[Opening Data shown section]

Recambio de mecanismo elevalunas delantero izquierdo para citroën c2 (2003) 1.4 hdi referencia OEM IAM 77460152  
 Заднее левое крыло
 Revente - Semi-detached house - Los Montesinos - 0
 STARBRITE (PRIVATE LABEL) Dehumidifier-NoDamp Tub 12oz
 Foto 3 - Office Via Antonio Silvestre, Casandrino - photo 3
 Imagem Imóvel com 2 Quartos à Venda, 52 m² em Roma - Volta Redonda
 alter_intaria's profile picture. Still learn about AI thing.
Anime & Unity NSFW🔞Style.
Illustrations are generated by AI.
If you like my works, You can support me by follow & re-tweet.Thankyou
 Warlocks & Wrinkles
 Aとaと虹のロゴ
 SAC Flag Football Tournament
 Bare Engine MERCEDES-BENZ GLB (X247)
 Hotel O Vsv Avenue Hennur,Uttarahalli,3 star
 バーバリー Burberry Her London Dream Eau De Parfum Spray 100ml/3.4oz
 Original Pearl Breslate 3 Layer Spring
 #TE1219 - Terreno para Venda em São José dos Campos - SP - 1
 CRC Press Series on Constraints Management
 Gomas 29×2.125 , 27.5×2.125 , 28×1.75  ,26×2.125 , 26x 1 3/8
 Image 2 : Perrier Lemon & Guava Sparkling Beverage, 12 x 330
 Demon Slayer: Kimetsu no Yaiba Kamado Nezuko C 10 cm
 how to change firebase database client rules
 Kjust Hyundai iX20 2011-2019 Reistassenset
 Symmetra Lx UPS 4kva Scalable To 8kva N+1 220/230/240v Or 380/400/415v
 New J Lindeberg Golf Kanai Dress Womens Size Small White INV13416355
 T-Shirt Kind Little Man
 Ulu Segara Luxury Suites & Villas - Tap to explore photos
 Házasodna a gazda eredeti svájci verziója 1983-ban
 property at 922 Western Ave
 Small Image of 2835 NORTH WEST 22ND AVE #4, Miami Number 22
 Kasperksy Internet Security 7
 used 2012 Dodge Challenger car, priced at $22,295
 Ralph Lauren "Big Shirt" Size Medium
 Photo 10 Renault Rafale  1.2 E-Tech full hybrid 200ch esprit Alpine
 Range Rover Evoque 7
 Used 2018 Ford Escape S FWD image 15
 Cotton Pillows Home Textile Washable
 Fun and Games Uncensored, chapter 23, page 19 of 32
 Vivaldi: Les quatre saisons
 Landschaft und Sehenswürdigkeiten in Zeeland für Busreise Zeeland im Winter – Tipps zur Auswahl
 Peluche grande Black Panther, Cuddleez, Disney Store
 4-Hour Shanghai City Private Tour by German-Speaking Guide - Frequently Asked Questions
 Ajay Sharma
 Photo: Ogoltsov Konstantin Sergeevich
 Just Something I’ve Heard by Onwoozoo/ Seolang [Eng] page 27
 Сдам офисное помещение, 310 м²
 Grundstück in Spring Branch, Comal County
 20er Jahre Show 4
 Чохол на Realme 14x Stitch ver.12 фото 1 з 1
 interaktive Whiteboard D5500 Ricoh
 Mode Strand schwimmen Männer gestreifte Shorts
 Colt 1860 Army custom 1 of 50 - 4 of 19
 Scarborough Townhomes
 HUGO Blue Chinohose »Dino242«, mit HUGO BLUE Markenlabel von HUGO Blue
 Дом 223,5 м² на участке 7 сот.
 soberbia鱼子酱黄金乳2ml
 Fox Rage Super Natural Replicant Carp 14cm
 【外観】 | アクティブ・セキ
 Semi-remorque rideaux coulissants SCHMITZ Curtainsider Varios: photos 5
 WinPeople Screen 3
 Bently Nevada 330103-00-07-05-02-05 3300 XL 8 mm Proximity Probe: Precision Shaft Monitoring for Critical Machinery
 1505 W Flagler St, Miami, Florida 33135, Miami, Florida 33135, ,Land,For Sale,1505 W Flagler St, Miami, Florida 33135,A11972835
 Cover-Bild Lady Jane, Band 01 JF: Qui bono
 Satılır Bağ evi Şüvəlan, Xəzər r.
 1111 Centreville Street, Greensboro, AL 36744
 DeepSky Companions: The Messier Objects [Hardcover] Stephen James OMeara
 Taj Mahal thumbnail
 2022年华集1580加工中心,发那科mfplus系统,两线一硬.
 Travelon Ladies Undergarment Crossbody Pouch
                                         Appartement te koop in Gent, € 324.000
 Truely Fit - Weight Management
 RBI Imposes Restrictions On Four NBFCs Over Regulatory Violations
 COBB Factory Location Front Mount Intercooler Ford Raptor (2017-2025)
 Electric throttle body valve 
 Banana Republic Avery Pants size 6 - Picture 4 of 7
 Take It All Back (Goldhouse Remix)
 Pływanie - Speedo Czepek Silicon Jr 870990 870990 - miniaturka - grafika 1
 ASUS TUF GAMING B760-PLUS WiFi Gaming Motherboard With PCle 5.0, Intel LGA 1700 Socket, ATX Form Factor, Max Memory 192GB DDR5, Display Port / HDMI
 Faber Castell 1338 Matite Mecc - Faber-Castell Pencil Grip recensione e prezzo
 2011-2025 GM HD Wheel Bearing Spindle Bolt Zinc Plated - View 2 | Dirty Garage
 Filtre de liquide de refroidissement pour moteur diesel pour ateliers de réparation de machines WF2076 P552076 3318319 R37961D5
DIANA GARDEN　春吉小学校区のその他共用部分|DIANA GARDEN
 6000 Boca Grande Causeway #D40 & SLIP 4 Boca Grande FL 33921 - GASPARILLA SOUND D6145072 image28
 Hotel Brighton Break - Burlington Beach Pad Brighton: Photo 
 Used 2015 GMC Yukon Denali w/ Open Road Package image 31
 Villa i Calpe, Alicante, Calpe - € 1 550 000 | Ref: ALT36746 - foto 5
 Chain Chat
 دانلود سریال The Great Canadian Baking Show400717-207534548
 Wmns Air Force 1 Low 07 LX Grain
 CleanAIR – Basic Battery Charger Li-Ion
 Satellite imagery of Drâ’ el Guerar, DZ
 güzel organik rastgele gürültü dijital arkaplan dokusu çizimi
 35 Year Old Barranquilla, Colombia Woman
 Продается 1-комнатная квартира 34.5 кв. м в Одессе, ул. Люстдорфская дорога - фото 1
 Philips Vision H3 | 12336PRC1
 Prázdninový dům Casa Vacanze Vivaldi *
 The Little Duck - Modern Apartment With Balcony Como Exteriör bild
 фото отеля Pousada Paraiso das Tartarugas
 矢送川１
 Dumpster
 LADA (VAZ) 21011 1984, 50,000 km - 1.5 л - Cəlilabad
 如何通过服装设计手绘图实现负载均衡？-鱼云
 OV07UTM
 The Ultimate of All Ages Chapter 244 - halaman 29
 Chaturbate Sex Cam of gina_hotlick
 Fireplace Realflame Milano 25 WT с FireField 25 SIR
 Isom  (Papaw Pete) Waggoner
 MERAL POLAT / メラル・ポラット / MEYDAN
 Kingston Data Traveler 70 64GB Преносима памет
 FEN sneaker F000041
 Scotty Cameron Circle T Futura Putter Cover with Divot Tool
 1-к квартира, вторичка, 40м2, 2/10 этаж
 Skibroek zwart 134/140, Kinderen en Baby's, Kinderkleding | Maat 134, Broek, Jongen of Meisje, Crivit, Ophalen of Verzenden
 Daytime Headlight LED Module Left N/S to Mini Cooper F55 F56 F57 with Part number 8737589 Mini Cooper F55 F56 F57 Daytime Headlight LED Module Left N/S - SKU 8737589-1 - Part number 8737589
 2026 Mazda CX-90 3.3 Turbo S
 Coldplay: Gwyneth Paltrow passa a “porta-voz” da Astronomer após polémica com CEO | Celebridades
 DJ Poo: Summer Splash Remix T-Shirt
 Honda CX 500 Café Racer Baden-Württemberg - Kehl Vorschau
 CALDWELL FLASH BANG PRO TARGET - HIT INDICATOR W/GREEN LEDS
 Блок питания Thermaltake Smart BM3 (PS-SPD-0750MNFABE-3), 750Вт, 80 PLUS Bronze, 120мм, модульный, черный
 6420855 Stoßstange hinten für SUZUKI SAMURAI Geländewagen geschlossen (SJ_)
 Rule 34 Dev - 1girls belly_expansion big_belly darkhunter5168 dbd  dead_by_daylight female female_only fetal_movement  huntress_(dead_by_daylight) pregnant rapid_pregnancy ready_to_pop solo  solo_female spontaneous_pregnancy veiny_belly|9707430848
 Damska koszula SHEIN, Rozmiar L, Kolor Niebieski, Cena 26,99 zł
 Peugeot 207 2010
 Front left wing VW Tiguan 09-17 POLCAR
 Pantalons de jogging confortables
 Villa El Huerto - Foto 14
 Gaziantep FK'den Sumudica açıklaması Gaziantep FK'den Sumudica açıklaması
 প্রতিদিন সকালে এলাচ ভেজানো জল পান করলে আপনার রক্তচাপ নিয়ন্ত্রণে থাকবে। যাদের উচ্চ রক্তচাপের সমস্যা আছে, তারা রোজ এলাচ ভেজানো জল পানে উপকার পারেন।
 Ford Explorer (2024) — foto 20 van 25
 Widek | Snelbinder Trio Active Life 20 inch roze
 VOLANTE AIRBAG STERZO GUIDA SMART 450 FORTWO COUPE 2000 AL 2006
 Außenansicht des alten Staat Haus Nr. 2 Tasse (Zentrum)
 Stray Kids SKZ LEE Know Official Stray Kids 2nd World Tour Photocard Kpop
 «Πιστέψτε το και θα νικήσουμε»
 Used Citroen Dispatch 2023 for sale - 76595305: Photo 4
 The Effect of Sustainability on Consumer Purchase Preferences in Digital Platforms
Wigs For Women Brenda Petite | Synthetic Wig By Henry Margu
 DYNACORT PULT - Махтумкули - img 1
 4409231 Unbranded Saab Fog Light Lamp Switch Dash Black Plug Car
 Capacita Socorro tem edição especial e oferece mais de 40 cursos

[Closing Data shown section]

Only the lines containing the word "Front" should be returned from the data above.

 COBB Factory Location Front Mount Intercooler Ford Raptor (2017-2025)
 Front left wing VW Tiguan 09-17 POLCAR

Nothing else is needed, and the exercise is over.